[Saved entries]
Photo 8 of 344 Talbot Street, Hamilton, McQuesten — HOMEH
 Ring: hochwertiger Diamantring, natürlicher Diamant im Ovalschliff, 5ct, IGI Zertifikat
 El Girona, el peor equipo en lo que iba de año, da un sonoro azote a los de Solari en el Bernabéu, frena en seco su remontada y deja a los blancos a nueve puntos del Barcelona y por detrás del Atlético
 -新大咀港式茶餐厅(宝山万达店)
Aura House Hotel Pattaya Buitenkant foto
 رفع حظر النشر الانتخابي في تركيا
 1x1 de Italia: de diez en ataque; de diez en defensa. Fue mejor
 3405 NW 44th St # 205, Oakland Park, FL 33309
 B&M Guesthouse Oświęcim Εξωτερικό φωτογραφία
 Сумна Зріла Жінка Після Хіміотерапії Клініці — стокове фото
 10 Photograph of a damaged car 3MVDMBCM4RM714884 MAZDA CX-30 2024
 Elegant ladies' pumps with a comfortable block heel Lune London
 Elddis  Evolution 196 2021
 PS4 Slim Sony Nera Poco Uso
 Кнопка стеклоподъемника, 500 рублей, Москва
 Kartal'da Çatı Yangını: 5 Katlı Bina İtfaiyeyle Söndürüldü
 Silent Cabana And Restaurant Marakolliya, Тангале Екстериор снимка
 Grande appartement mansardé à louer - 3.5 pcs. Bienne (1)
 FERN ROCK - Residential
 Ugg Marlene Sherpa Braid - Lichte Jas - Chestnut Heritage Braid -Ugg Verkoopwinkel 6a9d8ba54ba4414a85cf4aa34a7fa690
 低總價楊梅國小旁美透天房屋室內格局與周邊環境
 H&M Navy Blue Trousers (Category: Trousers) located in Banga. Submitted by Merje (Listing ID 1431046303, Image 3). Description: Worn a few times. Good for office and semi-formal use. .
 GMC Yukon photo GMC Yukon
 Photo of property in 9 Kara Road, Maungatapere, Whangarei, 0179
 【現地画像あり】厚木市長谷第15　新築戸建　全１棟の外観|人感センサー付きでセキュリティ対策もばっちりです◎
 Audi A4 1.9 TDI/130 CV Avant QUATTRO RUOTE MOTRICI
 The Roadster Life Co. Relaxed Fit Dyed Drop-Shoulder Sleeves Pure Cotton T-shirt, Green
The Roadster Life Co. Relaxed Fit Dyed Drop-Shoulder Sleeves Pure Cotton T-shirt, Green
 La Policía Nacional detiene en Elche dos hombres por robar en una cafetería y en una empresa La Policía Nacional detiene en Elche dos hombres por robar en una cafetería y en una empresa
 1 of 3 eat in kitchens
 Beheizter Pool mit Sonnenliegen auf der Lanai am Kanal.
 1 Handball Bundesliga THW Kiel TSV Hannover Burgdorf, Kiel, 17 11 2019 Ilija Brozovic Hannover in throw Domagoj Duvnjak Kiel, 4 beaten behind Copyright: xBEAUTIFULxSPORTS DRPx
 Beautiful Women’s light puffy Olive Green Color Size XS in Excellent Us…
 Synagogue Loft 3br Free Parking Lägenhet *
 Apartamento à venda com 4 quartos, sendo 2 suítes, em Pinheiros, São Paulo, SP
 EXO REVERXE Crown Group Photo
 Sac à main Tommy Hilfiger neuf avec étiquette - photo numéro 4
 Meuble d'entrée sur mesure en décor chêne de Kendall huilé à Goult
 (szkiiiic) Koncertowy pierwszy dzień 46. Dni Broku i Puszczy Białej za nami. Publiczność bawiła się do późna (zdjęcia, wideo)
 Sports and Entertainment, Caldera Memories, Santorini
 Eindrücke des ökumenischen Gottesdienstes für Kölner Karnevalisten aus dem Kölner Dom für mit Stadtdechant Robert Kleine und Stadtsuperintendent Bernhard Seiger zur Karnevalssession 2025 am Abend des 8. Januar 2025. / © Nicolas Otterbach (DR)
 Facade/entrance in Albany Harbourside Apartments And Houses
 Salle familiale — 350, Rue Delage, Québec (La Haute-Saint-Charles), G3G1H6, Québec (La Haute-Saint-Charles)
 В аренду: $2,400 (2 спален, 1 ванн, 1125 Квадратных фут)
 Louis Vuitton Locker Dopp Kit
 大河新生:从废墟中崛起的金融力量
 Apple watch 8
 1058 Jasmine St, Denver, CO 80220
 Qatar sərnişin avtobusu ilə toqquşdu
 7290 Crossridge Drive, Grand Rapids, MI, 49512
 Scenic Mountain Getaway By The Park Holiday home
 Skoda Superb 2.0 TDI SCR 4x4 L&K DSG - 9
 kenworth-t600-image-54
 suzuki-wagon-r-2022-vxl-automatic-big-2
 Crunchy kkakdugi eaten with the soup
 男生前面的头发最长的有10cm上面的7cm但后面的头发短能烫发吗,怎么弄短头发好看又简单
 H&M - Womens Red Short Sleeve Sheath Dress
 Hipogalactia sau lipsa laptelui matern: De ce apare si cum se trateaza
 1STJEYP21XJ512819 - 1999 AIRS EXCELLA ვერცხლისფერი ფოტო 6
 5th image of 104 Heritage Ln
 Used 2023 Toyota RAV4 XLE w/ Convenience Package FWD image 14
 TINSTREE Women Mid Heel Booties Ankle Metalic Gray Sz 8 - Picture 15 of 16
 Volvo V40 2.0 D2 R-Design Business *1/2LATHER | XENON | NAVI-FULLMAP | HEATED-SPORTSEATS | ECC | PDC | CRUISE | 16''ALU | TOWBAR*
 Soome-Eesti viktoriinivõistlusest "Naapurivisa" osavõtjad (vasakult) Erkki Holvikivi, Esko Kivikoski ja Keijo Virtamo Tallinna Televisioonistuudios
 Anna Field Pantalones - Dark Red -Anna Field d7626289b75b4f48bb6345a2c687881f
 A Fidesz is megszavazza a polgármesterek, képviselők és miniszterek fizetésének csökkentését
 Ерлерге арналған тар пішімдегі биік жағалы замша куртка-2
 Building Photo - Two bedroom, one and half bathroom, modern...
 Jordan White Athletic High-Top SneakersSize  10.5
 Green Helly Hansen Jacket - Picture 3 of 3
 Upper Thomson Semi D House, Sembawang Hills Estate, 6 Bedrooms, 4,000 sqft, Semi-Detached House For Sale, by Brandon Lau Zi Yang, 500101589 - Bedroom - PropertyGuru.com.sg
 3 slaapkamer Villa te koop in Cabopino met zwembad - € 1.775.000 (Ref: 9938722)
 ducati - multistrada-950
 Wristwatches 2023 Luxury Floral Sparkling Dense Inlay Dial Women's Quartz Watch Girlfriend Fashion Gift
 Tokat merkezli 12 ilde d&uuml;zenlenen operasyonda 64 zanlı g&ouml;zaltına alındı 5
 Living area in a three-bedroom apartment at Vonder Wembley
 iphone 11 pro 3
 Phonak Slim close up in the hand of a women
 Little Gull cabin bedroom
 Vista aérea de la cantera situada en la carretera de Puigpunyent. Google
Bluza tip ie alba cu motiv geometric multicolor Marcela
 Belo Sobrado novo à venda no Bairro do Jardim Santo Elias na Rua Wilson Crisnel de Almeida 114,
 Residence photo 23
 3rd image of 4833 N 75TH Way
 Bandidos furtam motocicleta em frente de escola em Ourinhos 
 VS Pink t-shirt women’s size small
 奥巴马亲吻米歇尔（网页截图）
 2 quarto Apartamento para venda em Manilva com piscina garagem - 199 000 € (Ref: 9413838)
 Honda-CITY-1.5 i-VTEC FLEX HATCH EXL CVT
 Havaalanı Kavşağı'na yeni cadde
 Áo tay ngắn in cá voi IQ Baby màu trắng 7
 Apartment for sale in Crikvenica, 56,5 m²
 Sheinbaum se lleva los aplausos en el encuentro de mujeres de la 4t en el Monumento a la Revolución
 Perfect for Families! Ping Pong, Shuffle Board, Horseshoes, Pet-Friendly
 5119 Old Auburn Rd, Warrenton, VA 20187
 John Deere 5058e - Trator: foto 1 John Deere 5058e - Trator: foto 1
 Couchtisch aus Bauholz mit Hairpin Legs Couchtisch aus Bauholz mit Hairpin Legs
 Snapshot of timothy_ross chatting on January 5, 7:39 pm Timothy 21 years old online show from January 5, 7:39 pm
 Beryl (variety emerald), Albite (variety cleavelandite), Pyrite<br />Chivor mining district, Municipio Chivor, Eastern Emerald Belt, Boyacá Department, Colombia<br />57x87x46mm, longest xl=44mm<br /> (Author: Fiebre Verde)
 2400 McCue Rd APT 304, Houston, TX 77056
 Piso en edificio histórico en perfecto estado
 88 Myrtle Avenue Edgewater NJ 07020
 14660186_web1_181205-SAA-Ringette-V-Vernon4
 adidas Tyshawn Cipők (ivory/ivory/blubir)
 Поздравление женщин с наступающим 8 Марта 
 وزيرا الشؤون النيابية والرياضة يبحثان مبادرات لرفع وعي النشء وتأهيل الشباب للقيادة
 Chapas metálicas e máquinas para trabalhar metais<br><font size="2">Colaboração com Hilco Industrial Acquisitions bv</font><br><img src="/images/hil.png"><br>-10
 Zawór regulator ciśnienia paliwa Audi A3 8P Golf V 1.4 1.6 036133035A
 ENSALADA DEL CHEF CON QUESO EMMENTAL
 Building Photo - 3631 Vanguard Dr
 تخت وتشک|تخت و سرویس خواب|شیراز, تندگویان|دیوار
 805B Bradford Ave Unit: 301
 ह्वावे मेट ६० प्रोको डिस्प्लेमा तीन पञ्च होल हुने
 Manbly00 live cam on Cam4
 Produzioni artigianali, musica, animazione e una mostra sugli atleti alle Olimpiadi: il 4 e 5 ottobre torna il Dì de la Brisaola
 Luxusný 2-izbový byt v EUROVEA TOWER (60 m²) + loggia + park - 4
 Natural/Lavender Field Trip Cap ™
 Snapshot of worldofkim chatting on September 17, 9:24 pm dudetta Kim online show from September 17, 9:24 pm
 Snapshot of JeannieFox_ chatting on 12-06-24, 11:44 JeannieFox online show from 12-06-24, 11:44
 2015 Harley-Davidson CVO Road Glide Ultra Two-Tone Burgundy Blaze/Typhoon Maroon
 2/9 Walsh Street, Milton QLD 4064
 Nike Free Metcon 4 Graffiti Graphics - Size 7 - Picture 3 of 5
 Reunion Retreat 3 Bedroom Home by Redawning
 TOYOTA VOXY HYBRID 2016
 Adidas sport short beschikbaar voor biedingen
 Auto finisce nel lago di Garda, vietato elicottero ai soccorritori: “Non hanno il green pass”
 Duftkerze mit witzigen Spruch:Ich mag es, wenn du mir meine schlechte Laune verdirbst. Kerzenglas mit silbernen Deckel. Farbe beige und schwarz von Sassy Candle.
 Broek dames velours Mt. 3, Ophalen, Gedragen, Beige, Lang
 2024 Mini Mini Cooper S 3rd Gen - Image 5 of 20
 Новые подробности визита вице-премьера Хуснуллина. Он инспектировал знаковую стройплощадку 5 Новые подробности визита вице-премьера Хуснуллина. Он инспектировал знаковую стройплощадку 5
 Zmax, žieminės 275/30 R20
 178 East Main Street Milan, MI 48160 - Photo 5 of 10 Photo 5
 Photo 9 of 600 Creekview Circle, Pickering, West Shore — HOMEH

• [Instructions for the task]: Search the records for the string "Sleeves" and report each line that has it.

• [Finished exercise]:
 The Roadster Life Co. Relaxed Fit Dyed Drop-Shoulder Sleeves Pure Cotton T-shirt, Green
The Roadster Life Co. Relaxed Fit Dyed Drop-Shoulder Sleeves Pure Cotton T-shirt, Green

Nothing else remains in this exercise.